MATERIAL SUPPLIED
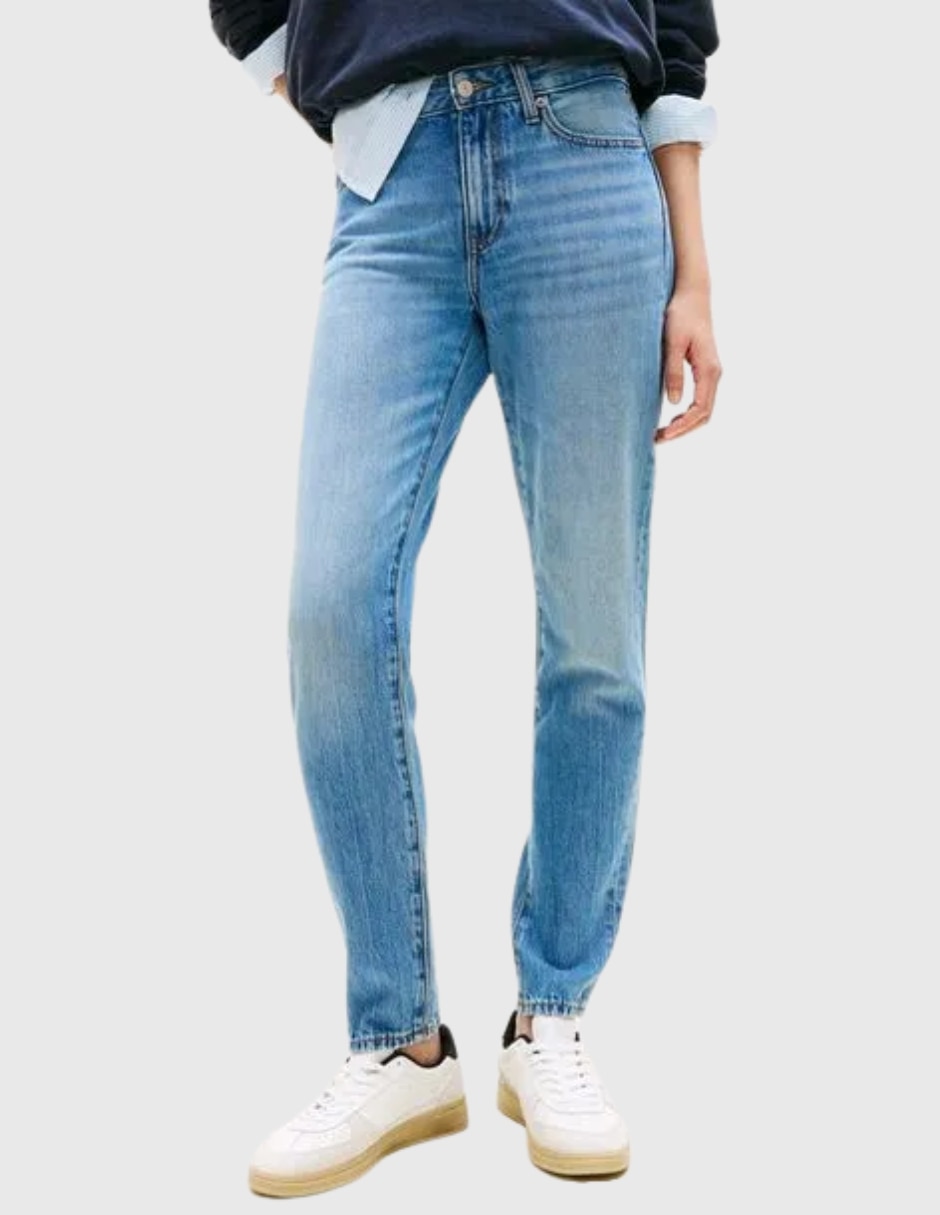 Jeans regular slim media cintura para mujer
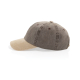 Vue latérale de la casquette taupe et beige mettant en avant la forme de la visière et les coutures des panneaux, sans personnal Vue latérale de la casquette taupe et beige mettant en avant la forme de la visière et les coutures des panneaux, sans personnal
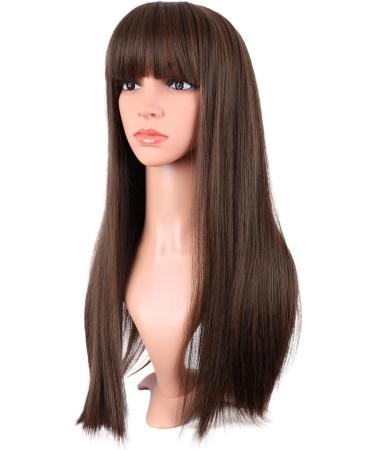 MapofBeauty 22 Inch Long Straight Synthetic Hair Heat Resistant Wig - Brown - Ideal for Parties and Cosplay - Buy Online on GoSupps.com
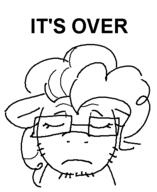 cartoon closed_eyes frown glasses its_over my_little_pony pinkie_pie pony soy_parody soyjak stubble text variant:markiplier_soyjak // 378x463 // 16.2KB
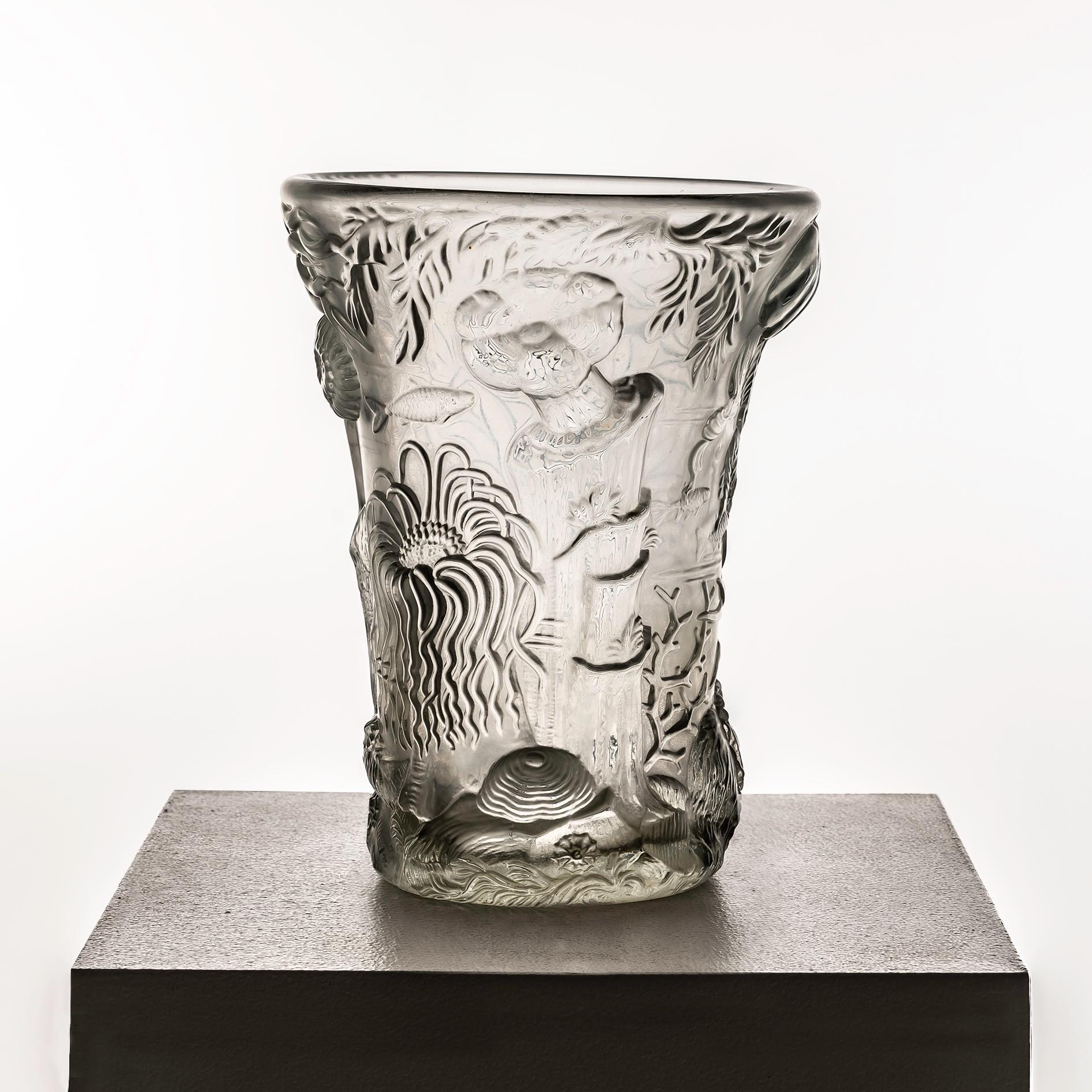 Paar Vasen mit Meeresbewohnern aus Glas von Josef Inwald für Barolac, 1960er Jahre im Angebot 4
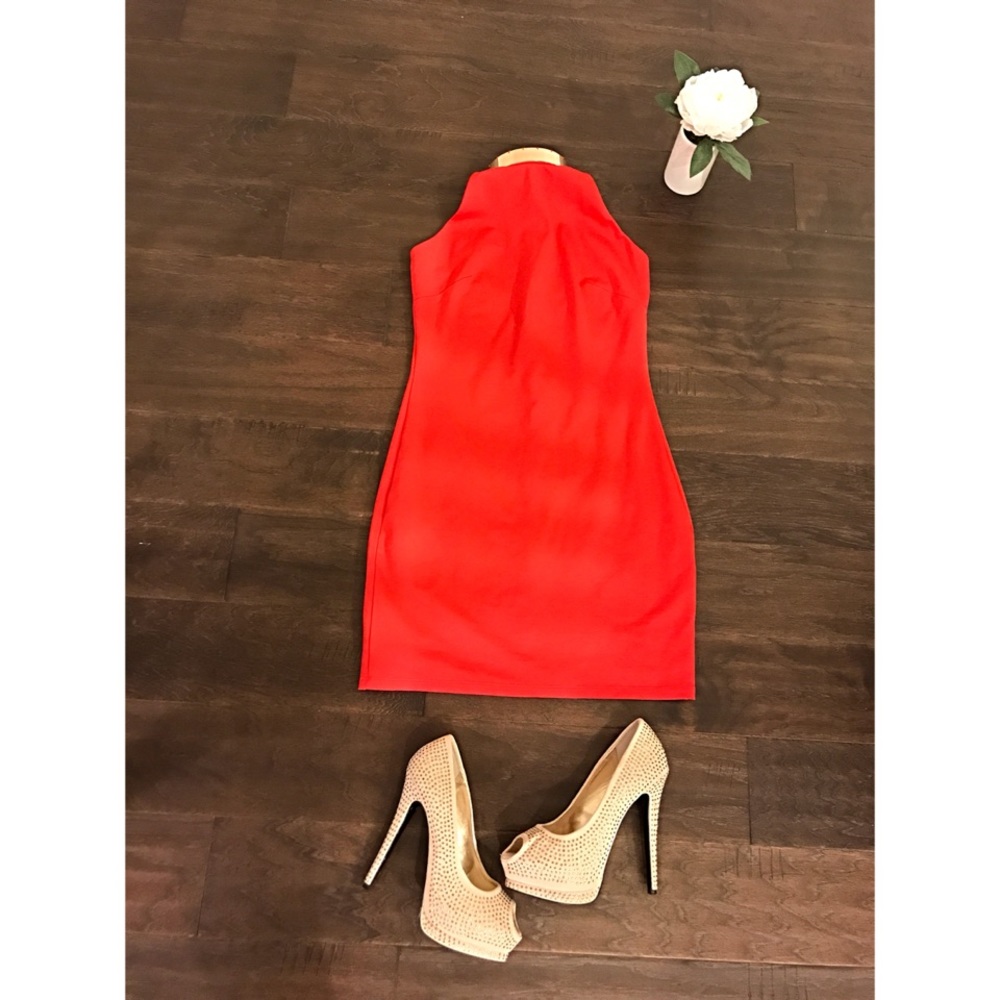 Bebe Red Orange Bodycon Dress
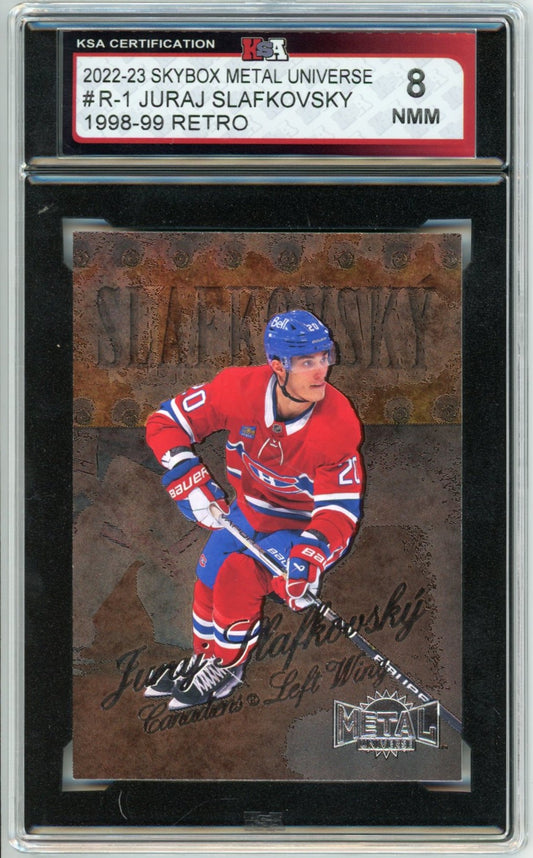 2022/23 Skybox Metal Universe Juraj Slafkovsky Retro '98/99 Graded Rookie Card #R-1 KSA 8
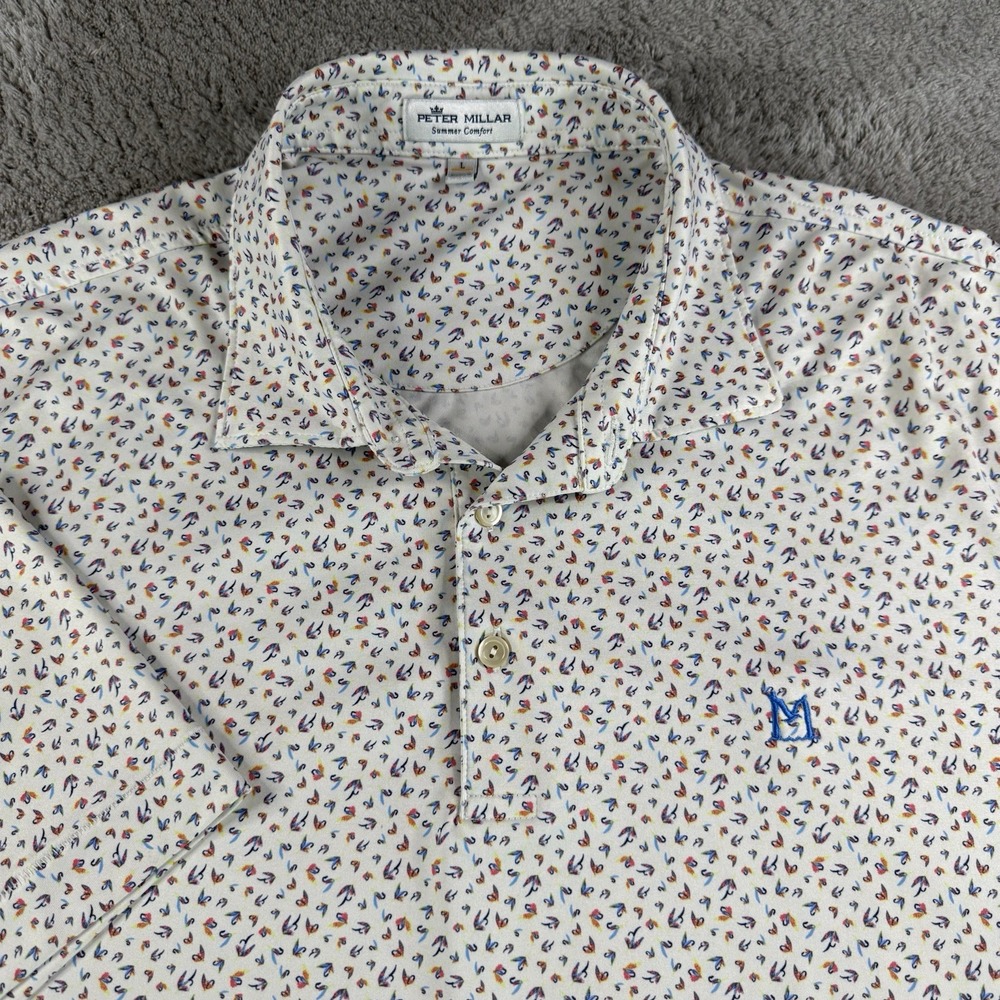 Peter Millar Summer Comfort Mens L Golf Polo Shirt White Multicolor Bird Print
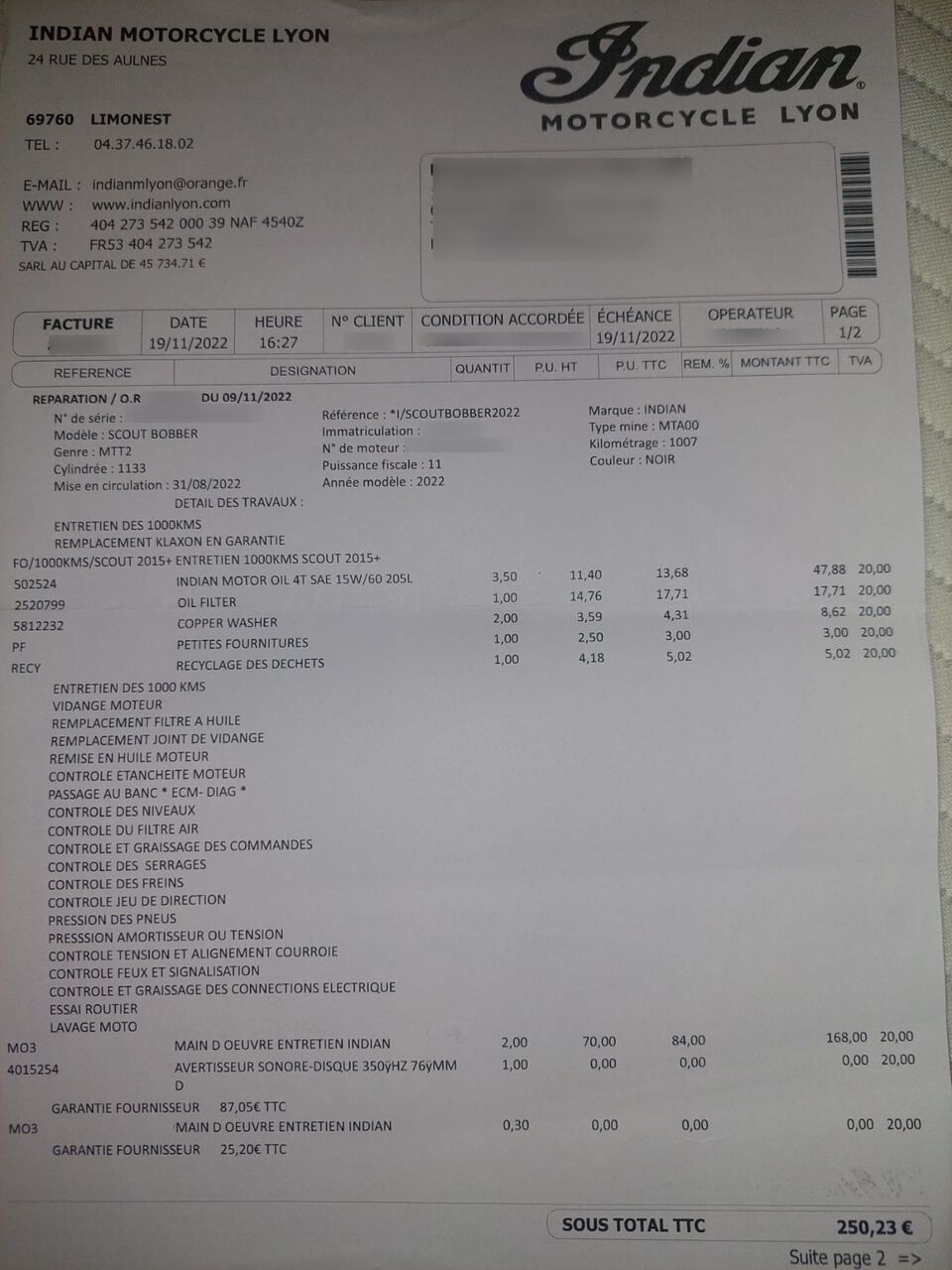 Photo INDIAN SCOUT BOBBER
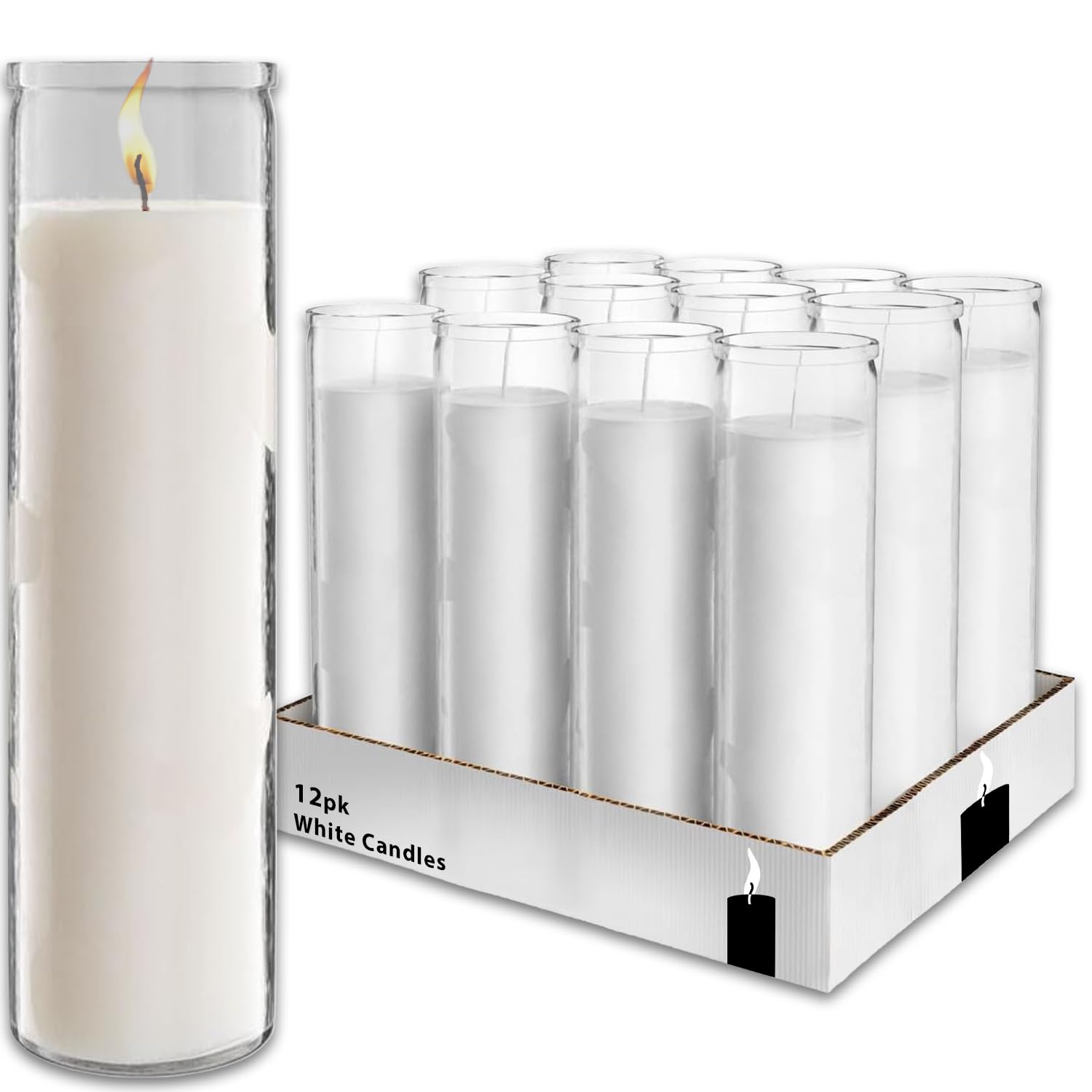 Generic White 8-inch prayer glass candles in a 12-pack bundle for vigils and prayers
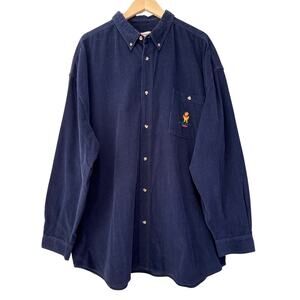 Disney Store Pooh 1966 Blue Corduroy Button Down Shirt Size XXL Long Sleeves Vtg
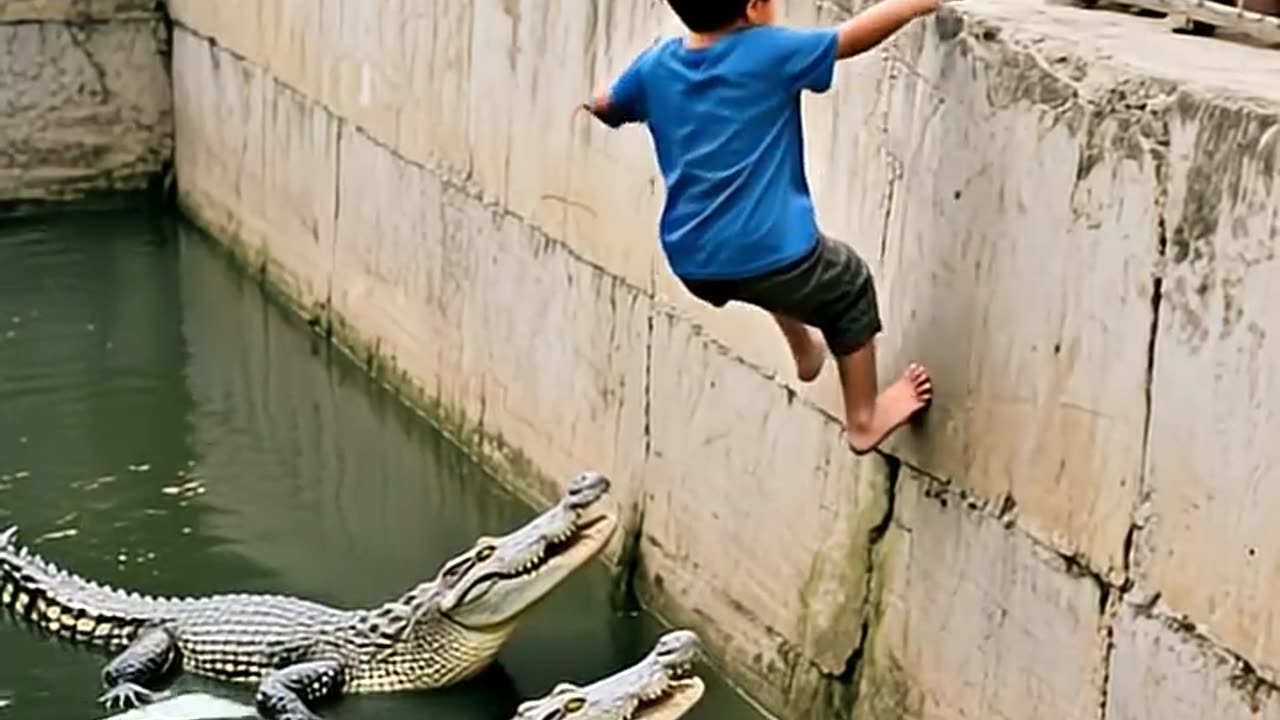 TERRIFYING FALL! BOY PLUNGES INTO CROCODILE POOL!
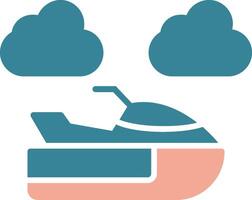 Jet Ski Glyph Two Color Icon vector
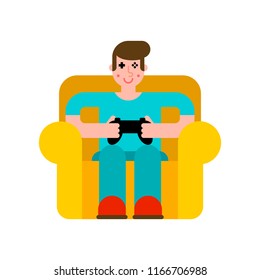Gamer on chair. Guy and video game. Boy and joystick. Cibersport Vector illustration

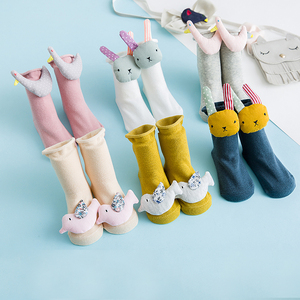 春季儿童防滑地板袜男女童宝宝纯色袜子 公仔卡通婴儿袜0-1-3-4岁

REQUIRED ACTION
Please output the lines from the line that holds "Paar Vasen mit" through the final line of the material above, both included. Each line must match exactly, and pictures must be excluded.

THE COMPLETED TASK
 Paar Vasen mit Meeresbewohnern aus Glas von Josef Inwald für Barolac, 1960er Jahre im Angebot 4
 Bebe Red Orange Bodycon Dress
 2022/23 Skybox Metal Universe Juraj Slafkovsky Retro '98/99 Graded Rookie Card #R-1 KSA 8
 Peter Millar Summer Comfort Mens L Golf Polo Shirt White Multicolor Bird Print
 Photo INDIAN SCOUT BOBBER
 Generic White 8-inch prayer glass candles in a 12-pack bundle for vigils and prayers
 Disney Store Pooh 1966 Blue Corduroy Button Down Shirt Size XXL Long Sleeves Vtg
 TERRIFYING FALL! BOY PLUNGES INTO CROCODILE POOL!
 Jet Ski Glyph Two Color Icon vector
Gamer on chair. Guy and video game. Boy and joystick. Cibersport Vector illustration

 春季儿童防滑地板袜男女童宝宝纯色袜子 公仔卡通婴儿袜0-1-3-4岁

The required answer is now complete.